§ Problem to solve
Counting the line with "HONDA PILOT 2021 - 5FNYF5H52MB035578" as the last one, copy out the lines of the data exactly from the first onward.

══ Input data

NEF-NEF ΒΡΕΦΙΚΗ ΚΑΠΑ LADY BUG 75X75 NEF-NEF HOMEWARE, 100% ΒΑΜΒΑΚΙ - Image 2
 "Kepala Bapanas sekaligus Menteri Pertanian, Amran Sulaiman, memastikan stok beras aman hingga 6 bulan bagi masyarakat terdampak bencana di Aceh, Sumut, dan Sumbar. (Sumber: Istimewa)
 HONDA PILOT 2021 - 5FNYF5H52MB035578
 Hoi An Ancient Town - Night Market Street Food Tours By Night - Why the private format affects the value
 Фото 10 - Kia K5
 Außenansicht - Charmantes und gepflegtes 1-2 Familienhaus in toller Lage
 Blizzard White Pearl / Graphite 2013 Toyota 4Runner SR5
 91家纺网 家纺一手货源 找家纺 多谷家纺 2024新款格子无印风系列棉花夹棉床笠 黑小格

════

§ The answer
NEF-NEF ΒΡΕΦΙΚΗ ΚΑΠΑ LADY BUG 75X75 NEF-NEF HOMEWARE, 100% ΒΑΜΒΑΚΙ - Image 2
 "Kepala Bapanas sekaligus Menteri Pertanian, Amran Sulaiman, memastikan stok beras aman hingga 6 bulan bagi masyarakat terdampak bencana di Aceh, Sumut, dan Sumbar. (Sumber: Istimewa)
 HONDA PILOT 2021 - 5FNYF5H52MB035578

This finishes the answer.